Yadier Molina, C (club option)
Gerald Laird, C
Albert Pujols, 1B
Rafael Furcal, SS (club option)
Nick Punto, IF utility
Corey Patterson, OF
Edwin Jackson, SP
Arthur Rhodes (club option)
Octavio Dotel (club option)

2012 AUDIT

Everything boils down to what happens with Pujols. If the Cardinals can re-sign him, they'll have essentially the same team in 2012 as they had in 2011, but with a healthy Adam Wainwright taking Edwin Jackson's vacated spot in the rotation -- there's no way they'll have enough money to keep Jackson after extending Berkman and Carpenter while keeping Pujols, Wainwright and Molina. Obviously, if the Cardinals do come back with a similar team and Wainwright is healthy you can expect them to once again be a big-time playoff contender. 

OFFSEASON FOCUS

The biggest focus will be to retain Pujols and I firmly believe they will. What they have to do in order to get him to stay dictates flexibility elsewhere, but most of the biggest questions have already been answered. Carpenter, Berkman and Wainwright are locked up. Holliday already was. It actually seems like a sound strategy. Instead of taking maybe a few months to get Pujols' deal done and then trying to pick up the spare parts, the Cardinals know their budget and what their roster will look like around Pujols. It's one of the many reasons I believe they'll get him. There's obviously a plan in place.
  • Molina's option should and will be picked up.

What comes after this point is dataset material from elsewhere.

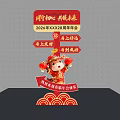 Cartoon Mascot Red Lanterns And Auspicious Clouds At 2026 Company Anniversary Meeting Sign In Area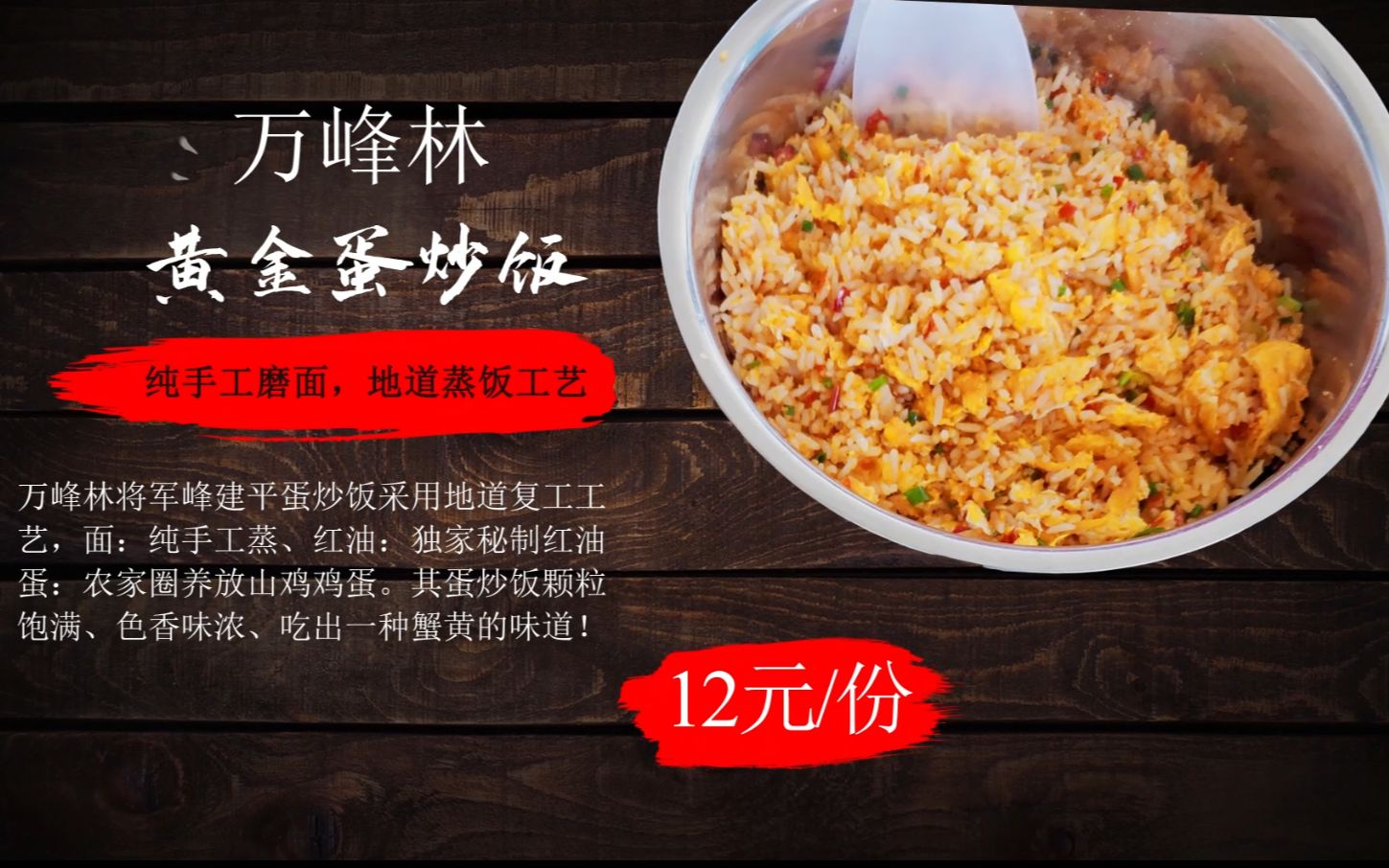 叮～您有一份来自万峰林充满爱情酸臭味的蛋炒饭,请查收!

  • There's not going to be enough money left to do much in the middle infield. They likely can't afford to pick up Furcal's option, so it's going to be some combination of Ryan Theriot, Skip Schumaker and Daniel Descalso, which is serviceable considering the strength of the rest of the lineup. Maybe they get Furcal to come back on a cheap one-year deal? He reportedly wants to stay and it's not like his value is sky-high.

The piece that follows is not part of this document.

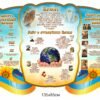 Стенд “десять заповідей та святі люди української землі”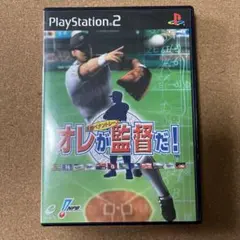 オレが監督だ ! 激闘ペナントレース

  • David Freese (3B) and Jon Jay (CF) are going to be the everyday players all season, and both are plenty adequate in their current roles -- especially postseason hero Freese. Jason Motte will also be the full-time closer all season after showing he can do the job down the stretch. These are all full-season upgrades.
  • Keep an eye on Shelby Miller. Jake Westbrook is only going to be a bridge to when Miller can join the rotation. The 20-year-old right-hander was 9-3 with a 2.70 ERA and 89 strikeouts in 86 2/3 Double-A innings this season. It's very possible he's ready to get a shot by June or July. And maybe the Cardinals even plug Lance Lynn in the rotation instead of Westbrook at some point anyway. Expect Lynn to be used as insurance for injury issues -- or even to save Wainwright's arm a bit -- early in the season.

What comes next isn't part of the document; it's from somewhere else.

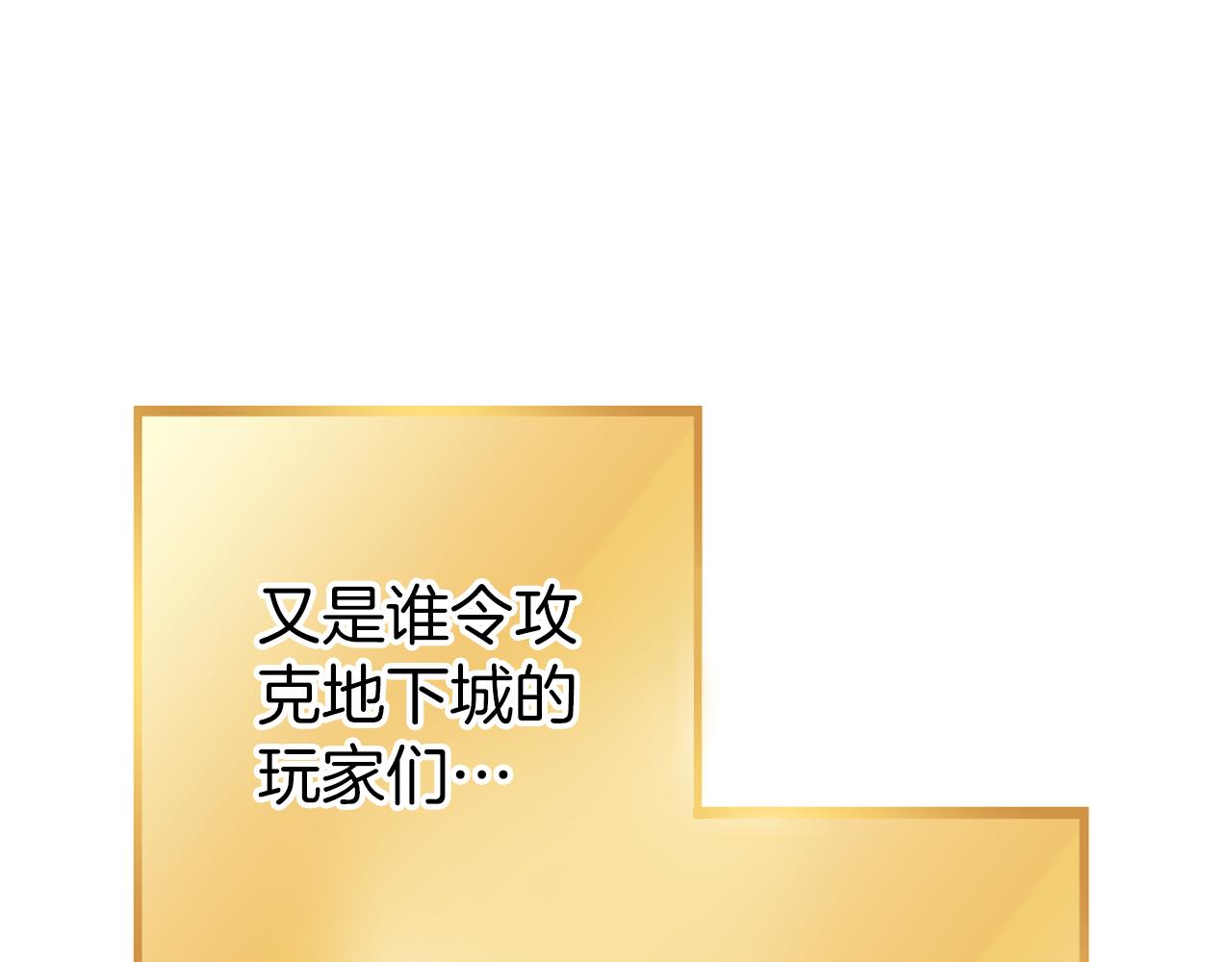 第218话 疯狂升级98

  • If Pujols doesn't re-sign, the possibilities are nearly endless. They'll have a chunk of money to play with an a desperate need to upgrade the offense. Maybe go after Jose Reyes to set the table for Holliday, Berkman and Freese? The non-signing of Pujols is a bridge we'll cross if it actually happens, because at this point I just don't see him not going back to St. Louis.
For more baseball news, rumors and analysis, follow @EyeOnBaseball on Twitter or subscribe to the RSS feed.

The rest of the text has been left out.